* Goal of the exercise: Transcribe the entries that follow exactly as they appear, minus pictures.

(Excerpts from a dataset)
____________________

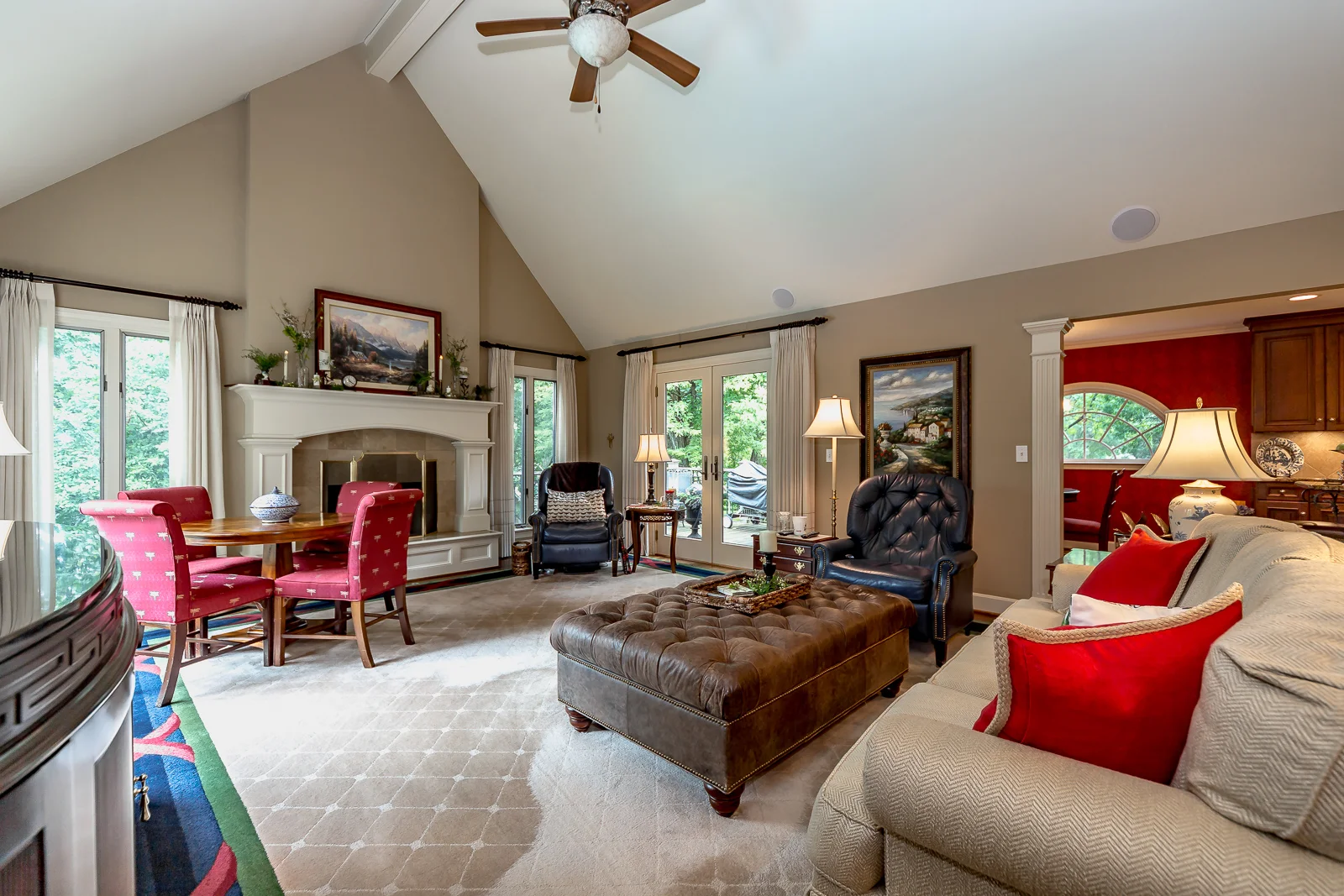 12317 Pawnee Ct - Web-114.jpg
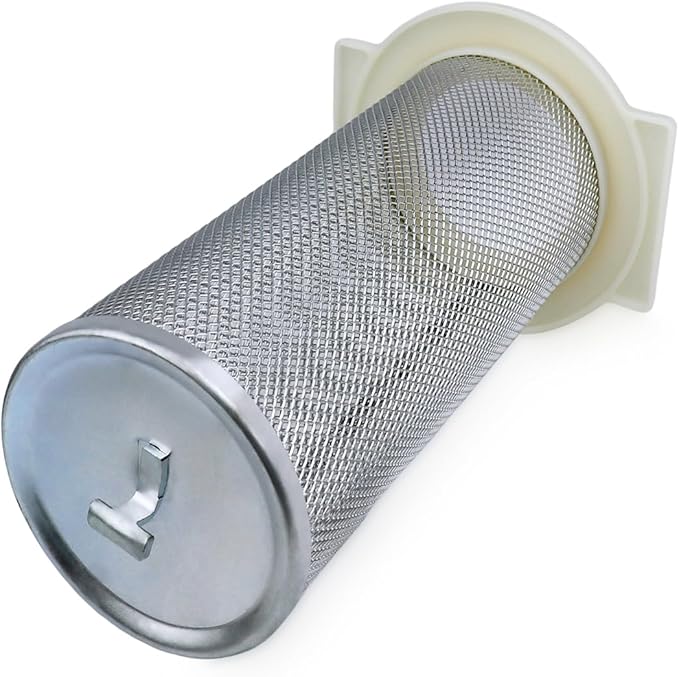 1YW-14458-01-00 1YW-14451-00-00 Air Filter & Guide & END CAP Kit For Yamaha Big Bear 350 YFM350 1987-1999, Kodiak 400 YFM400 1993-1999 Moto-4 250 YFM250 1989-1991 Moto-4 350 YFM350 1987-1995
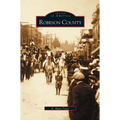 Robeson County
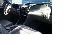 1996 Ford  Mustang Sports car/Coupe Used vehicle photo 2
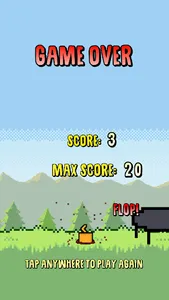 Flip or Flop screenshot 4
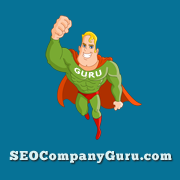 SEOCOMPANYGURU.COM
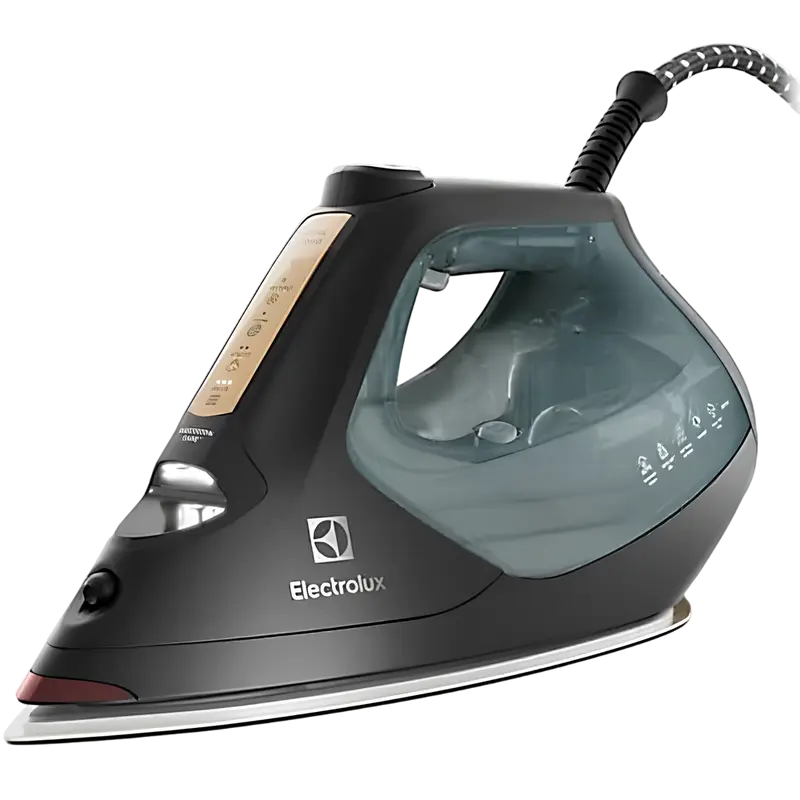 Ironing System Electrolux E8ST2-8OG
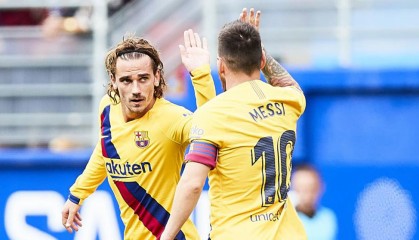  科隆新援快速融入体系，首发登场即贡献关键助攻助球队取胜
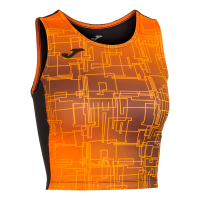 Joma Майка ELITE VIII 901256.108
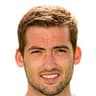 Michael Paton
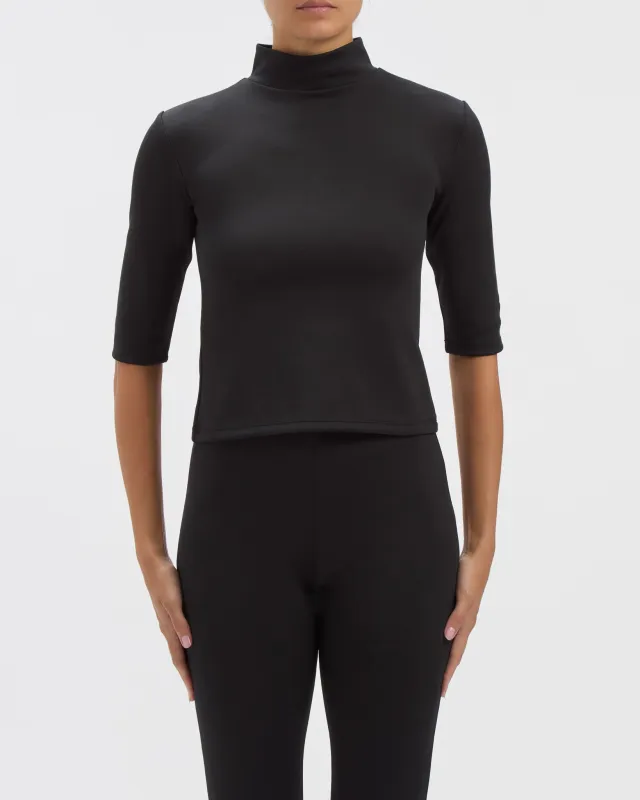 Thea Top sold by THE PARK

____________________

* Response area:
 12317 Pawnee Ct - Web-114.jpg
 1YW-14458-01-00 1YW-14451-00-00 Air Filter & Guide & END CAP Kit For Yamaha Big Bear 350 YFM350 1987-1999, Kodiak 400 YFM400 1993-1999 Moto-4 250 YFM250 1989-1991 Moto-4 350 YFM350 1987-1995
 Robeson County
 1996 Ford  Mustang Sports car/Coupe Used vehicle photo 2
 Flip or Flop screenshot 4
 SEOCOMPANYGURU.COM
 Ironing System Electrolux E8ST2-8OG
  科隆新援快速融入体系，首发登场即贡献关键助攻助球队取胜
 Joma Майка ELITE VIII 901256.108
 Michael Paton
 Thea Top sold by THE PARK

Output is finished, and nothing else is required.